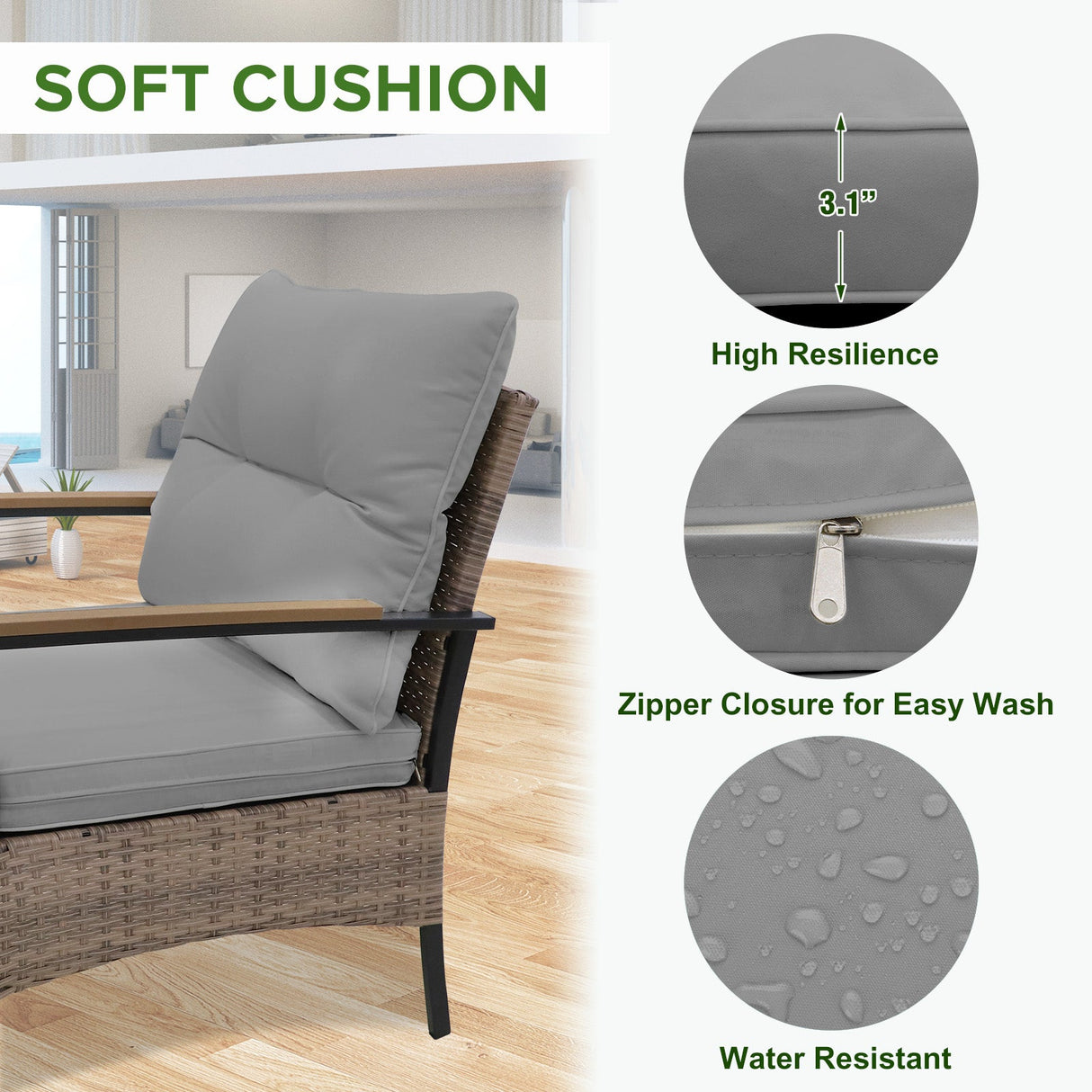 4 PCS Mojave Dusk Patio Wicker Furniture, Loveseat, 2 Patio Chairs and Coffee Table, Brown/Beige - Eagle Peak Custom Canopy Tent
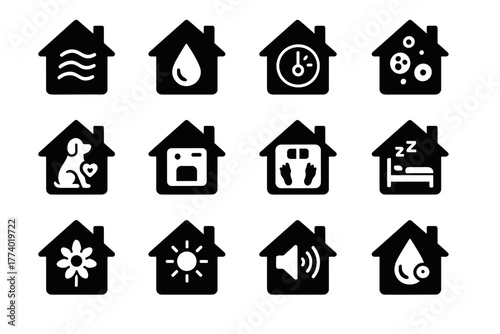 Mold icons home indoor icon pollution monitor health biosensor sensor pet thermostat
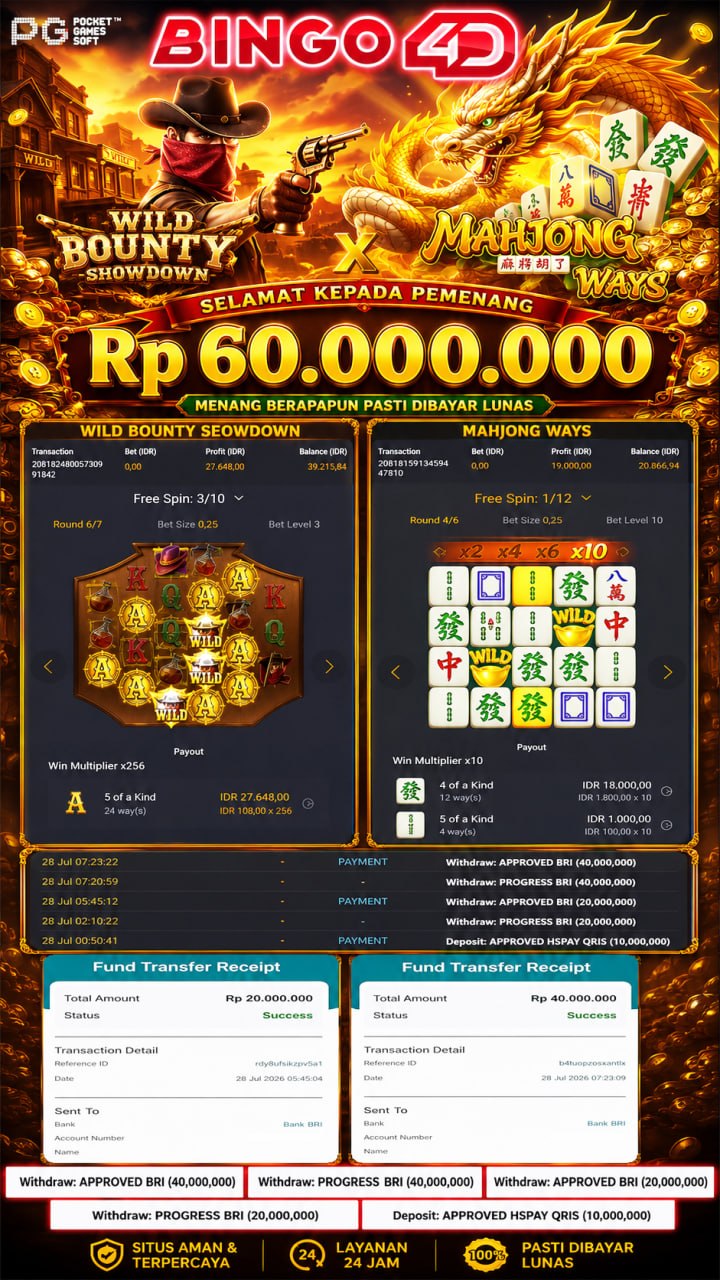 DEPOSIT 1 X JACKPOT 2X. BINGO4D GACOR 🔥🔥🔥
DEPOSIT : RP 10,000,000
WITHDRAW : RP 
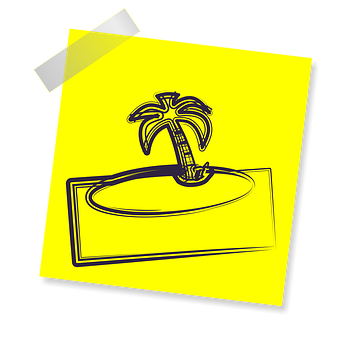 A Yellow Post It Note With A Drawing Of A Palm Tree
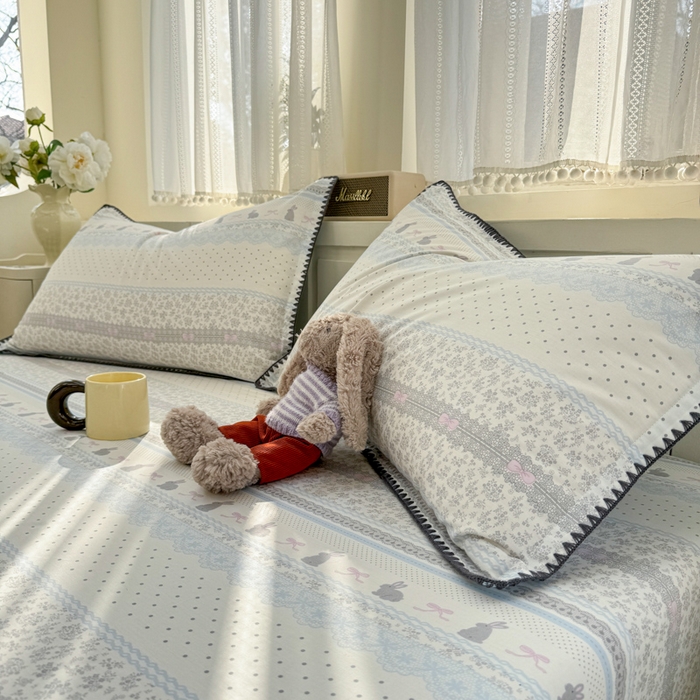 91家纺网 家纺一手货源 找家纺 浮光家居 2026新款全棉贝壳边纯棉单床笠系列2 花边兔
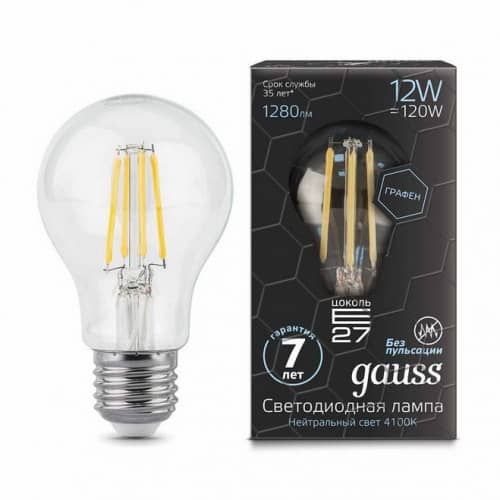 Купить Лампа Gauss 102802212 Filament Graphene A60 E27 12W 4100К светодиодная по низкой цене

○ ○ ○ ○

→ **What you should do**
Print exactly what appears from the first line of the listing above down to the line containing "91家纺网 家纺一手货源 找家纺", inclusive, and leave out all pictures.

→ **The completed task**
 4 PCS Mojave Dusk Patio Wicker Furniture, Loveseat, 2 Patio Chairs and Coffee Table, Brown/Beige - Eagle Peak Custom Canopy Tent
 Mold icons home indoor icon pollution monitor health biosensor sensor pet thermostat
 DEPOSIT 1 X JACKPOT 2X. BINGO4D GACOR 🔥🔥🔥
DEPOSIT : RP 10,000,000
WITHDRAW : RP 
 A Yellow Post It Note With A Drawing Of A Palm Tree
 91家纺网 家纺一手货源 找家纺 浮光家居 2026新款全棉贝壳边纯棉单床笠系列2 花边兔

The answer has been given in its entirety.